* **Problem**:
Go to the line holding "Snapshot of july-feria" in the data below and repeat it exactly, then each line after it up to and including the one holding "25 ya��ndaki gen�, otomobilin". Omit pictures.
**** Records for this task
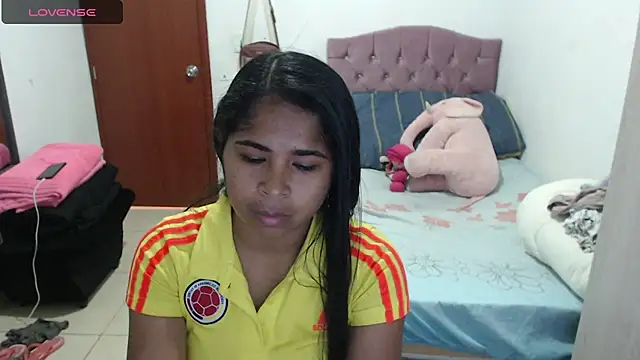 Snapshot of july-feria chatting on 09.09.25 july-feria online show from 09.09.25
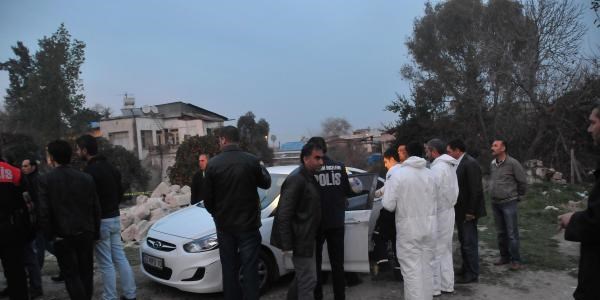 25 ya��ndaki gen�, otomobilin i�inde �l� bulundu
********
**** Records for this task
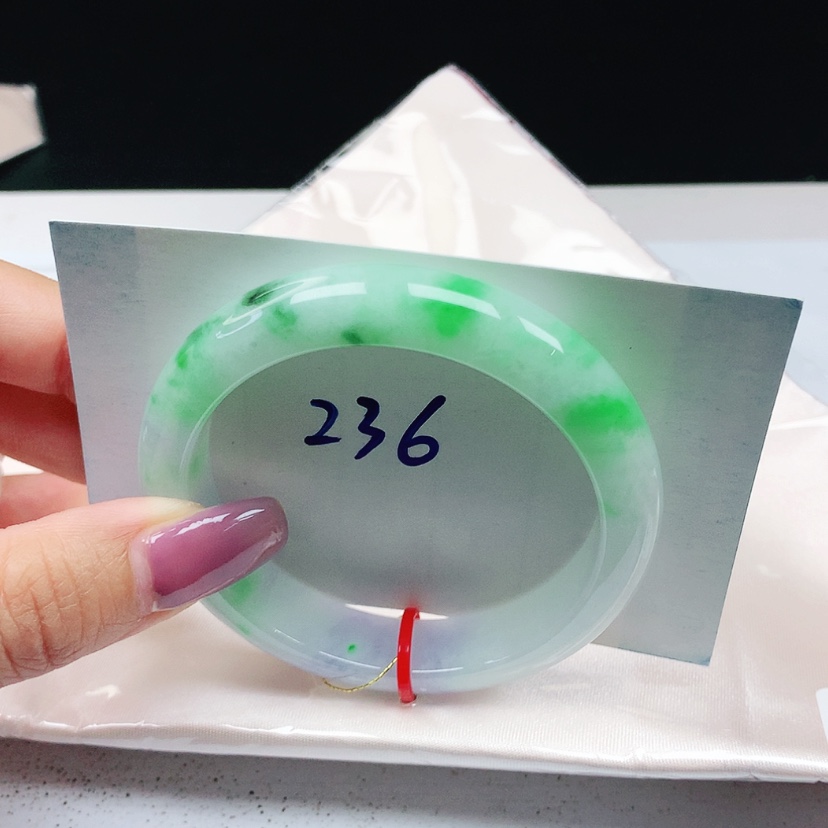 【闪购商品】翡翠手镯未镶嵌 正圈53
********
**** Records for this task
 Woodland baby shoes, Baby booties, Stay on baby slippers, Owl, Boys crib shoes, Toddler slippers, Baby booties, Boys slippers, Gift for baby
********
* **Solution to this problem**:
 Snapshot of july-feria chatting on 09.09.25 july-feria online show from 09.09.25
 25 ya��ndaki gen�, otomobilin i�inde �l� bulundu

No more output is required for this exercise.